En fait, si les dirigeants ont, pour
le moment, suivi leur chef, c’est moins sur pour la base du parti.
On aura beau nous dire que le
prochain Congrès fera la séparation entre le politique et le religieux ce qui
avec la Constitution, telle que rédigée actuellement, le caractère civil de
l’Etat sera garanti. Mais tout le monde sait que cette Constitution résultant de
tractations et de concessions, contient des ambiguïtés qui peuvent être
exploitées dans un sens ou dans l’autre.
Quant au parti, une fois au Pouvoir,
une branche dont elle serait issue interférera dans le religieux et ainsi la
forme sera sauvée. Cette dérivée comportera, sans conteste, Cheikh Mourou qui a
confié, rappelez-vous bien, à l’homme qui prêche l’excision des femmes, sans
doute mécontent, que notre « action » doit cibler les jeunes car
leurs parents ont pris le mauvais pli et il n’y a à attendre d’eux.
L’avenir de ce pays dépend donc de
l’opportunité qu’il y aurait de laisser à des émanations d’un parti le soin de
réislamiser la Tunisie par ses prêches
ce qui nous ramènera à la case de départ.
Doit-on accepter ce principe ?
Où doit doit-on réserver le domaine religieux à l’Etat, c'est-à-dire au
Ministère des affaires religieuses, une fois un cadre d’actions mis en
place ? Ou à la limite à une autorité indépendante de L’Etat et de tous
les partis politiques ?
Toute la question est là.
C’est pourquoi je m’adresse au
Ministère des Affaires religieuses pour lui demander d’expliciter la politique
qu’il entend suivre en matière religieuse durant cette législature.
Le cadre d’actions pourrait
comporter plusieurs points à respecter :
-Le Coran qui demeure notre texte de base doit être lu d’une
manière uniforme. A cet égard, pourquoi ne pas éditer une nouvelle mouture
Coran qui comprendra soit des renvois, soit en annexe des compléments
explicatifs qui lèveront toutes les erreurs de lecture et
d’interprétation?
Ce travail serait confié à une commission qui
comprendrait outre les cheikhs zeitouniens,
nos penseurs éclairés. ( Mr Youssef Essedik et autres…)

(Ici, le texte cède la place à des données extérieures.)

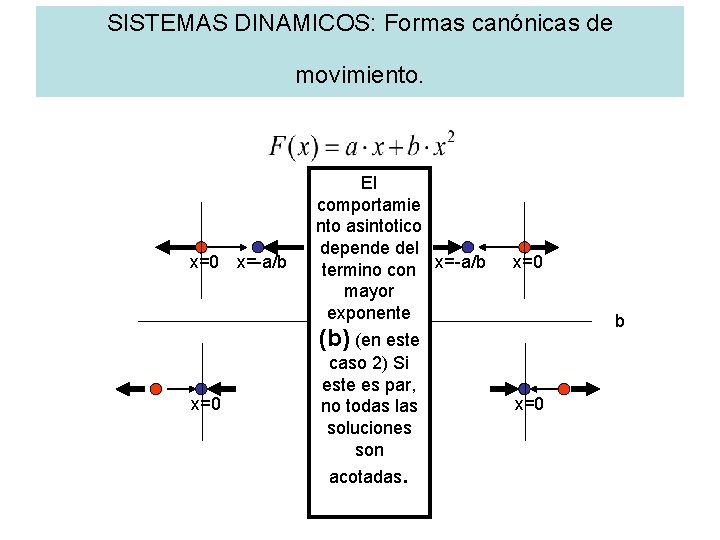 SISTEMAS DINAMICOS: Formas canónicas de movimiento. x=0 x=-a/b a El comportamie nto asintotico depende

-Assurer une formation complète des
nouveaux Imans et recycler les anciens
qui seraient prédisposés à le faire,
-Suivre le prêche de nos Imans,
opérer les redressements qui s’imposent et écarter de nos mosquées les imams
extrémistes.
-Lancer une Chaîne de télévision à
caractère historique, civilisationnel et religieux, à audience maghrébine et
européenne, à l’effet de diffuser un discours religieux expurgé de toute fausse
interprétation et de tout extrémisme et ouverte aux débats contradictoires.
-Revoir les manuels scolaires et
réviser à la hausse les coefficients des matières religieuses.

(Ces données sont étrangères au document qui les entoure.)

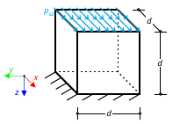 Elastische Eigenschaften eines Kontaktvolumens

Ce cadre, s’il était mis en place,
servirait de rempart à l’islamisme rampant. Il n’y aurait plus de justification
pour que des partis politiques prennent leurs bâtons de pèlerin pour nous « reislamiser »
à leur façon en créant leurs branches religieuses.
Le second garde fous consiste à ce
que la société civile qui a montré son dynamisme et sa maturité trouve le cadre
idoine et une structure pour faire passer ses messages au citoyen et à ceux qui
nous gouvernent, surtout.
Oui, ceux qui nous gouvernent
croient, à tort, détenir, seuls, la vérité et ont montré qu’ils ne tenaient
aucunement compte de la position de la société civile bien qu’elle soit en
avance sur eux.
Aussi, de même qu’il y a un
« Parlement pour les enfants », la société civile a un cruel besoin
d’un Parlement bien à elle.
Y feront partie, les associations, nos
penseurs, poètes, artistes et écrivains, nos experts et vieux routiers de
l’Administration et des entreprises, nos entrepreneurs dans les divers secteurs
de l’activité économique dont les avis peuvent être utiles et nous faire gagner
du temps.
L’exécutif et le législatif seront
tenus, par la loi, de consulter ce nouvel organisme et de justifier leurs
prises de position contraires à l’avis émis.